On the McCain campaign plane today, top adviser Steve Schmidt slammed congressional leaders for adjourning for recess on Sept. 26 before attempting to legislate a fix for the recent Wall Street meltdown:
It is a disgrace, a disgrace that the Democratic Congress would say, ‘We’re going to leave Washington and we think this benefits us politically. … When the democratic leadership in the Congress says we’ll deal with this after the election, we’re going home now is a clear indication that they’re not interested in working, you know, in a bipartisan way, where everybody sits in a room and says we have a major problem here in this country.
The White House, however, thinks a rush to pass legislation isn’t prudent. In today’s briefing, Press Secretary Dana Perino said she didn’t know if the White House even had a legislative request for Congress to act on, and hesitated to push legislation during a “market correction”:
I don’t know if we will have specific actions that we would ask them to take. … But I think Democrats themselves, and maybe some Republicans, have questioned whether or not they will be able to get anything done in the next two weeks. And it probably isn’t that smart to try to finalize a legislation in the middle of a market correction as we’re trying to figure out what other possible necessary steps may or may not need to be taken as we move forward.
Perino said any call for a lame-duck session is “premature,” adding, “I think right now that the Treasury Department and the Federal Reserve have things in hand.” Watch it:
House Speaker Nancy Pelosi (D-CA) echoed this sentiment, saying that “lawmakers first would need a better understanding of how the problems developed,” before legislating any remedy, CQ reports.
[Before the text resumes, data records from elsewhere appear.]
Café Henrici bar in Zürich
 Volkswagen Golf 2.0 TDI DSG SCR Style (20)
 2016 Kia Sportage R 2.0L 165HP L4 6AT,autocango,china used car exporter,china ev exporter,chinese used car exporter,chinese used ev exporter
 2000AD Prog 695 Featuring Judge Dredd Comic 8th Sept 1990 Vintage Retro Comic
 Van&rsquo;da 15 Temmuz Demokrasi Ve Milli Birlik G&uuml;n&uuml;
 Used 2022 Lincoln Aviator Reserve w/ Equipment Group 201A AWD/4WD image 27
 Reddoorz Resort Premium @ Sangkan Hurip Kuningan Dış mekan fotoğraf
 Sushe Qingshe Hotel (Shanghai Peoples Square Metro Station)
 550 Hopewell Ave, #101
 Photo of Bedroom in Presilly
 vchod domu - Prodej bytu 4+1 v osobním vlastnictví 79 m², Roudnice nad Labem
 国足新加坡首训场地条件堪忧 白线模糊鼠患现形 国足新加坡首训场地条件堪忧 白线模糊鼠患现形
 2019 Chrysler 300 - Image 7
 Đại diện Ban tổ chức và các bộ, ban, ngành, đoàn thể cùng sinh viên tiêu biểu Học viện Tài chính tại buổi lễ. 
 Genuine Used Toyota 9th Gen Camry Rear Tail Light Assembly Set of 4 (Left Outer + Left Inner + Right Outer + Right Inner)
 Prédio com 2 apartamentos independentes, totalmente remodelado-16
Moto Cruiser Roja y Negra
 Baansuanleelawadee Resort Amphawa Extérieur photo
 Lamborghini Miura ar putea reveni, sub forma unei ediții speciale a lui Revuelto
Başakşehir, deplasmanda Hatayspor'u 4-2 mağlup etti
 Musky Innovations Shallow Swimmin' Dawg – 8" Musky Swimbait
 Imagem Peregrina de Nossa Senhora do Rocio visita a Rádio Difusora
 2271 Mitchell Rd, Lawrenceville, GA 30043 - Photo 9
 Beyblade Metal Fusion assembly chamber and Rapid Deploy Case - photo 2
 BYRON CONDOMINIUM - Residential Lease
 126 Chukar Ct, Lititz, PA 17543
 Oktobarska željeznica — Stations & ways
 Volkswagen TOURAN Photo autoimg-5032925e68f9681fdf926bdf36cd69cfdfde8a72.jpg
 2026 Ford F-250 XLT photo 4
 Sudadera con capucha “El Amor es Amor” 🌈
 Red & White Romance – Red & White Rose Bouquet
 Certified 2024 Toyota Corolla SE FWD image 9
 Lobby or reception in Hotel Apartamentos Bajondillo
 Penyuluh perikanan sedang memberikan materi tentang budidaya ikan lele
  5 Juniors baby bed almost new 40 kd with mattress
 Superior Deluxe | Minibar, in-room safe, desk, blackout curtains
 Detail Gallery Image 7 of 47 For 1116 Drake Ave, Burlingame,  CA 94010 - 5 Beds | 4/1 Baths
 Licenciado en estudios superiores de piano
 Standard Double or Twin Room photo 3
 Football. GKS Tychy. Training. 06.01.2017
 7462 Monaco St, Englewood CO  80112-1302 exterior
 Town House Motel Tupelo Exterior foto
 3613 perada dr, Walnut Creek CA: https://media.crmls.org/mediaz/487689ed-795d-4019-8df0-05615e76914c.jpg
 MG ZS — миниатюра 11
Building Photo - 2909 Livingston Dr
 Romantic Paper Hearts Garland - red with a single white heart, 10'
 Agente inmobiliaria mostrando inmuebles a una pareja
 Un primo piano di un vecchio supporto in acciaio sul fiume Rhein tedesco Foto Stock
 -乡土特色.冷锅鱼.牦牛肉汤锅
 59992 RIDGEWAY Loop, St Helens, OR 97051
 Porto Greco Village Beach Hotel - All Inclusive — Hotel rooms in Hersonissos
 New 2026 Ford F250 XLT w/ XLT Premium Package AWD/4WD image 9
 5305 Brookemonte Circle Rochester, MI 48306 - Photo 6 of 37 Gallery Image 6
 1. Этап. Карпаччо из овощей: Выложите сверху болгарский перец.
Congress “has to find out what happened, why it happened, who is responsible and how we ought to go forward in the future,” said Rep. Henry Waxman (D-CA), rejecting calls for passing legislation immediately.
While Schmidt claimed Congress is “not interested in working” and is simply saying “we’re going home now,” Pelosi said that as of yet, “she had not been briefed on any legislative plan by Paulson,” CQ adds. It seems Schmidt was the one looking for a scapegoat to score political points.